I’m no pundit nor will I pretend to be one. I’m just a simple consumer trying to understand the product I just brought and how to benefit from it in a meaningful manner.

Hence OCI Speech, like other AI services, Document Understanding, Language, or the new kid on the block , Generative AI; myself and others are seeking ways these services can be useful to us.

About this Post

In today’s post, I’ll share a little of my recent experience as a developer and consumer of the OCI Speech APIs and current development project.

Speech AI services transcribe spoken language from digital content using automatic speech recognition (ASR) technology to provide a grammatically correct transcription. These services will typically process media content or spoken speech, supporting multiple languages with a high degree of success.

So, something that would have taken a 1.X factor from listening to transcribing, no shorthand allowed, is now a few minutes.

Very useful indeed.

The team I have been asked to support is seeking to turn, meeting recordings from shelf-ware into a searchable, conversational knowledge base with the first stage being transcription.

What are we really going to talk about?

If you were expecting a deep dive into How-To consume this API, stop reading now!
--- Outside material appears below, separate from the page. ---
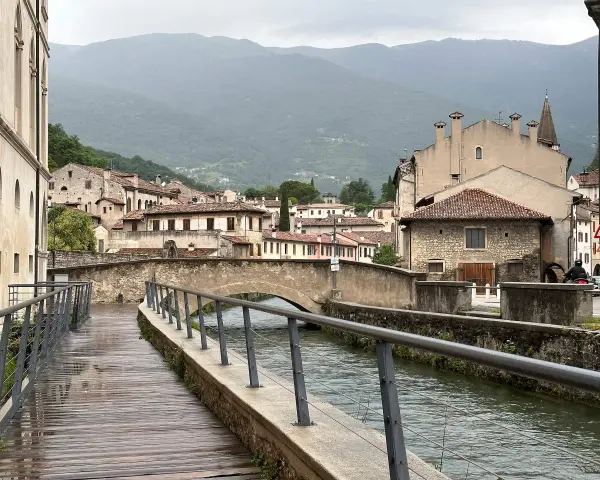 Passeggiata lungo il canale, tra antichi palazzi e ponti in pietra. Ecco cosa vedere a Vittorio Veneto, con le montagne sullo sfondo.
In my previous articles I cover how you to start on this journey exploring the OCI API Documentation, so working with this API will not especially different.

What are we really going to talk about then? Well, I will attempt to share how I worked with and landed on parsing the response as a non-developer.

Understanding the API always starts with the documentation but receiving an actual response is better and changes everything.

Speech API Responses

The Transcription Job Create API launches the Speech analysis of media content. The mapping of the create transcription job details data type as an APEX REST data source Request Body Template can look this

{
   "compartmentId": "#COMPARTMENT_ID#",
   "displayName": "#OBJECT_NAME#",
   "inputLocation": 
   {
      "locationType": "OBJECT_LIST_INLINE_INPUT_LOCATION",
      "objectLocations": [ 
      {
         "bucketName": "#IN_BUCKET_NAME#",
         "namespaceName": "#NAMESPACE#",
         "objectNames": ["#OBJECT_NAME#"]
      }]
   },
   "outputLocation":
   {
      "bucketName": "#OUT_BUCKET_NAME#",
      "namespaceName": "#NAMESPACE#",
      "prefix": "#PREFIX#"
   },
   "modelDetails":
   {
      "languageCode": "#LANG_CODE#",
      "modelType": "#MODEL_TYPE#",
      "transcriptionSettings":
      {
         "diarization": 
         {
            "isDiarizationEnabled": "true"
         }
      }
   }
}

Use SQL/JSON functions in a query you can combine transactional data and generate the body document for the request. This will be much simpler with JSON Duality Views but not everyone has a running Oracle DB 23ai instance up and running.

Here is a sample

DECLARE
    l_response  clob;
    l_body      clob;

BEGIN
-- FILENAME bind variable is passed into this call
    SELECT
        JSON
            {
               'compartmentId' VALUE ac.compartment,
               'displayName' VALUE REPLACE(:FILENAME,' ','-'),
               'inputLocation' VALUE 
               {
                  'locationType' VALUE 'OBJECT_LIST_INLINE_INPUT_LOCATION',
                  'objectLocations' VALUE [ 
                  {
                     'bucketName' VALUE ac.input_location,
                     'namespaceName' VALUE ac.namespace,
                     'objectNames' VALUE [:FILENAME]
                  }]
               },
               'outputLocation' VALUE
               {
                  'bucketName' VALUE ac.output_location,
                  'namespaceName' VALUE ac.namespace,
                  'prefix' VALUE 'whisper'
               },
               'modelDetails' VALUE
               {
                  'languageCode' VALUE :LANG_CODE,
                  'modelType' VALUE ac.model,
                  'transcriptionSettings' VALUE
                  {
                     'diarization' VALUE 
                     {
                        'isDiarizationEnabled' VALUE 'true'
                     }
                  }
               }
            }
    INTO l_body
    FROM ....

This service saves the transcription to the OCI Object Storage Bucket (outputLocation) of the request. Once the jobs is complete this is where we begin after downloading the contents.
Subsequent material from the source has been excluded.